Mais surprise. Lorsque l'équipe de la RTS a tenté de se connecter, son navigateur l'a mise en garde: le site n'est pas suffisamment sécurisé.
Jean Praz, le directeur de Saint Louis, minimise: "Je pense que ça ne pose pas de problème, dans la mesure où on a toute une série de barrières qui viennent après. On a quand même plusieurs étapes avant d'arriver à pénétrer dans le système lui-même. Les gens qui feraient une intrusion seraient bloqués avant", assure-t-il dans le 19h30.
Sauf que le risque existe bel et bien, à en croire l'exemple récent, en France, d'un élève qui a réussi à pirater ce même logiciel. Depuis, certains cantons romands prennent la menace très au sérieux.
A Neuchâtel, les données stockées avec celles de la police
A Neuchâtel, c'est dans le data center ultra sécurisé du canton que sont stockées toutes les données scolaires, avec celles de la police. Car en cas de vol, ces informations seraient une mine d'or pour les entreprises.
"On peut imaginer qu'un futur maître d'apprentissage soit intéressé par certaines informations d'un élève qu'il reçoit. On peut aussi imaginer des ressources commerciales qui pourraient être ciblées par rapport à des compétences d'élèves. Leur sécurité est donc importante pour garantir une virginité numérique à nos élèves", souligne Patrick Duvanel, chef de l'Office de l'informatique scolaire de Neuchâtel.
"Impossible de tout contrôler"
Peu de parents ont réellement conscience de la sensibilité des données collectées sur leurs enfants. "On n'a pas reçu d'information à ce propos-là, et pas du tout sur la sécurité des données. On est obligé de faire confiance parce qu'une fois la scolarité terminée, on ne sait pas du tout ce qu'ils font de ces données", soulève Sophie Moulin, une représentante des parents d'élèves de Neuchâtel.
Aujourd'hui, tous les établissements publics romands utilisent ce genre de logiciels: Memo, Cloe, Neo, Primeo. Quel que soit le nom, la loi est très stricte.

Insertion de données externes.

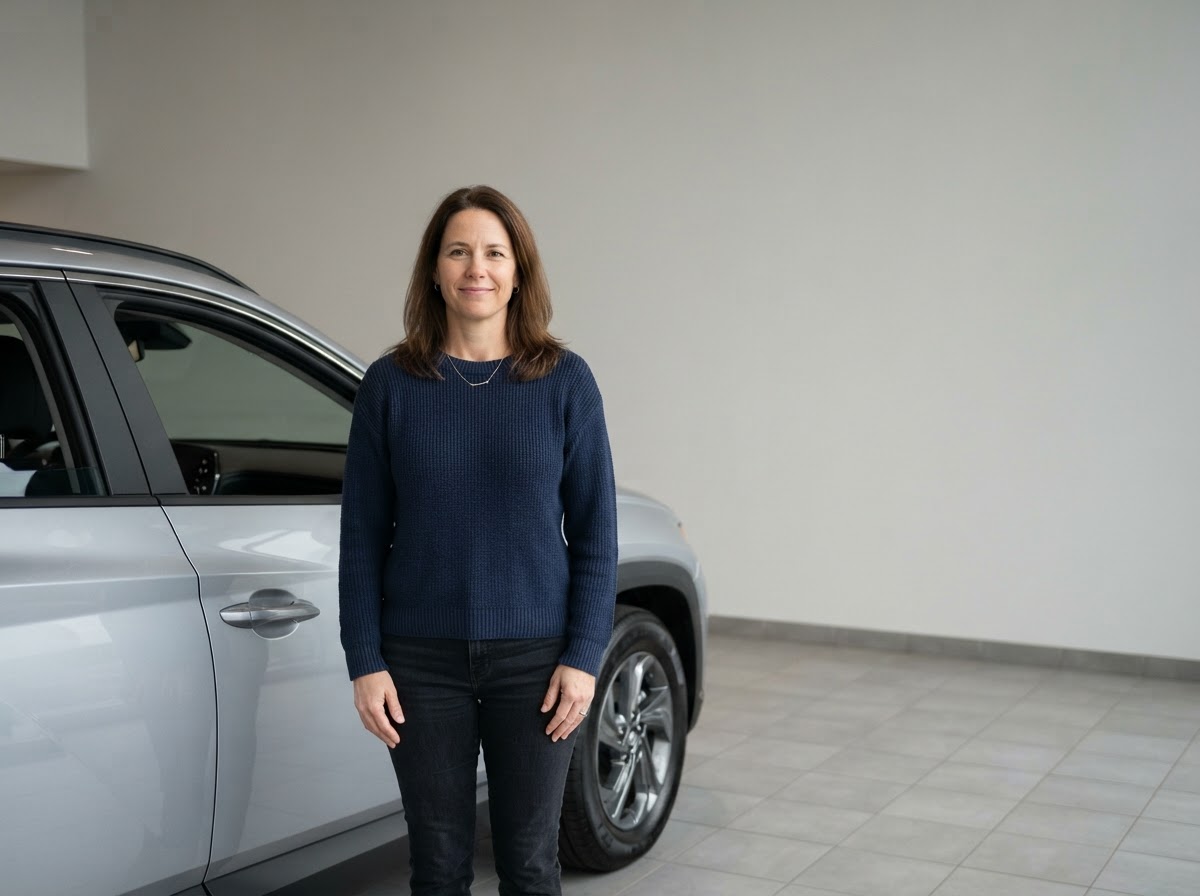 A dealership employee filming a customer testimonial beside a modern car with a smartphone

Je ne peux pas m'assurer que tous les établissements ne récoltent que les données qui sont nécessaires
Mais de l'aveu même du préposé à la protection des données des cantons de Neuchâtel et du Jura, Christian Flückiger, il est impossible de tout contrôler: "Il y a 2000 enseignants dans le canton de Neuchâtel et 20'000 élèves. Donc tout ce que je peux faire, c'est donner les bonnes pratiques et intervenir si quelqu'un dénonce un traitement incorrect. Mais on n'est pas à l'abri que, parmi les centaines de milliers de données, toutes ne respectent pas la protection des données. Je ne me fais pas d'illusion."
Durée de conservation de 3 à... 100 ans
Pour éviter les dérives, ces données scolaires doivent être détruites dès la fin de la scolarité. Mais les règles varient d'un canton à l'autre: de 3 ans de conservation en Valais contre 100 ans à Genève.
Des délais excessifs pour Sylvain Métille, avocat spécialisé dans la protection des données: "Ça paraît difficilement justifiable, puisque les données doivent être conservées le temps de l'objectif. On peut admettre un petit délai, ensuite ça devrait être basculé dans les archives."
Ces archives, elles, sont consultables dans chaque canton sur simple demande. Dès 8 ans, un enfant peut exiger de connaître toutes les données conservées dans son fichier.